III. The Rules to provide guarantees that Party struggles are conducted by Party methods. That this reform is essential is shown by the entire experience of the post-Congress struggle. It is necessary to include in the Party Rules guarantees of the rights of any minority, so that the disagreements, dissatisfactions, and irritations that will constantly and unavoidably arise may be diverted from the old, philistine, circle channels of rows and squabbling into the still unaccustomed channels of a constitutional and dignified struggle for one’s convictions. Among the conditions needed for such a change we class the following. The minority should be allowed one or more writers’ groups, with the right to be represented at congresses; the widest formal guarantees should be given as regards publication of Party literature criticising the activities of the central Party institutions. The right of the committees to receive (through the general Party transport system) the particular Party publications they desire should be formally recognised. The limits of the Central Committee’s right to influence the personal composition of the committees should be precisely defined. We consider it highly important that the arrangements for publication of minority literature which the Central Committee proposed to the minority of the Second Congress should be incorporated in the Rules, in order that the fantasy of a “state of siege” invented by the minority them selves may be dispelled, and that the inevitable internal struggles in the Party may be conducted in seemly forms and not allowed to interfere with positive work.

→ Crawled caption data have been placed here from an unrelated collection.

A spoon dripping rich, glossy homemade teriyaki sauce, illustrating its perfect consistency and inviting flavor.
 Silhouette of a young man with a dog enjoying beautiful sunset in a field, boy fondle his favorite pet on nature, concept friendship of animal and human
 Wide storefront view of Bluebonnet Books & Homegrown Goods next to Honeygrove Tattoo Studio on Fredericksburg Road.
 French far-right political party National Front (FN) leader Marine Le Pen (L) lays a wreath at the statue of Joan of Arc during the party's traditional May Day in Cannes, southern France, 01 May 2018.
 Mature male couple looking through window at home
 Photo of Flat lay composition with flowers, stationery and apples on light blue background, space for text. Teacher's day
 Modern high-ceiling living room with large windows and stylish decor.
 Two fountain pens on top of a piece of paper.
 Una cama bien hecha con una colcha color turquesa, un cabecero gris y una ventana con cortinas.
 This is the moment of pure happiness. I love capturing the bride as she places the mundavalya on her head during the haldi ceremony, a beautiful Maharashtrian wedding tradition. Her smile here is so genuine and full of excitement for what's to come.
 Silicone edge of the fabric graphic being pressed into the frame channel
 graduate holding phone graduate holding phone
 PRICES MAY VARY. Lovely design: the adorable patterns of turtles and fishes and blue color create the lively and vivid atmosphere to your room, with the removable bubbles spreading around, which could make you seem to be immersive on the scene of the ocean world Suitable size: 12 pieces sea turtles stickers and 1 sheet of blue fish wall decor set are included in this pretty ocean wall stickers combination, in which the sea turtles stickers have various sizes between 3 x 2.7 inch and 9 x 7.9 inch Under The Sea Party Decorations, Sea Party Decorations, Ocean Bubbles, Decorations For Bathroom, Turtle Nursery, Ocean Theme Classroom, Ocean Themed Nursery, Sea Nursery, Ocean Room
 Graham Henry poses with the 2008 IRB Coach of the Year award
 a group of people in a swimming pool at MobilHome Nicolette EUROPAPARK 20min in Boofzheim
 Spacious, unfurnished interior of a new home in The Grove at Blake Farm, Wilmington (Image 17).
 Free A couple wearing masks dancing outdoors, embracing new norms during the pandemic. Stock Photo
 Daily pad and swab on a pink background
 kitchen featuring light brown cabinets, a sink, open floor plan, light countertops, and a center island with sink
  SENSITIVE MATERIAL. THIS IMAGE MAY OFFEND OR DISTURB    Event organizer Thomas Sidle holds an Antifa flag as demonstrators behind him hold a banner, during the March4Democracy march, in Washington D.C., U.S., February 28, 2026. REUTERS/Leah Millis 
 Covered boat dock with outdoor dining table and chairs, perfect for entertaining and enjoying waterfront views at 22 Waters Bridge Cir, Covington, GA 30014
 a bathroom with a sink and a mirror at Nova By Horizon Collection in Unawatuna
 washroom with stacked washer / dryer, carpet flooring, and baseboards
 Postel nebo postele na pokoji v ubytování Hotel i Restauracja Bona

We do not here elaborate our proposals in detail, for we are not putting forward draft Rules, but only a general programme of struggle for Party unity. We shall therefore only briefly indicate certain specific amendments to the Rules which are in our opinion desirable, without in any way binding ourselves as regards subsequent elaboration of the Rules, in the light of further experience. For example, it is necessary to reform the Party Council, as an institution which, in its present form, has proved in practice to be unfit for its function of co-ordinating and exercising supreme supervision over the activities of the central bodies. It should be made a body entirely elected by the Congress, instead of being a court where the Congress-elected fifth   member sits as arbiter over the central bodies, which defend themselves through their delegates. Further, Paragraph I of the Rules should be revised, in line with the criticisms voiced in the Party, to define the Party’s boundaries more precisely, etc.

In putting forward this programme of struggle for Party unity, we invite the representatives of all other shades and all Party organisations to make a clear statement of their own programmes, so as to permit of serious and systematic, conscious and methodical preparation for a congress. An issue involving the very life, the honour and dignity of the Party is at stake: is it an ideological and material force capable of sufficient rational self-organisation to act as the real leader of our country’s revolutionary working- class movement? By all their actions, the 6migr6 minority answer: No! And they continue to act in this way with confident assurance, banking on the remoteness of Russia, the frequent changes of workers there, and the indispensability of their own leaders and literary forces. Our Party is coming into being! —we answer, seeing the growing political understanding of the advanced workers, the vigorous activity of the committees in general Party life. Our Party is coming into being, we have ever more numerous young forces capable of replacing or reinvigorating old literary bodies which forfeit the Party’s confidence; we have ever more revolutionaries who prize the consistent Party trend above any circle of former leaders. Our Party is coming into being, and no subterfuges or delays can hold back its decided and final verdict.

From these forces in our Party we derive our certainty of victory.

Comrades, reprint and distribute this appeal!


[1] This conference of twenty-two Bolsheviks, under Lenin’s leadership, was held in Switzerland in August (New Style) 1904. Nineteen persons actually attended, and three others subscribed to its decisions. The present appeal “To the Party”, adopted by the conference, became the Bolsheviks’ programme of struggle for the convening of the Third Party Congress.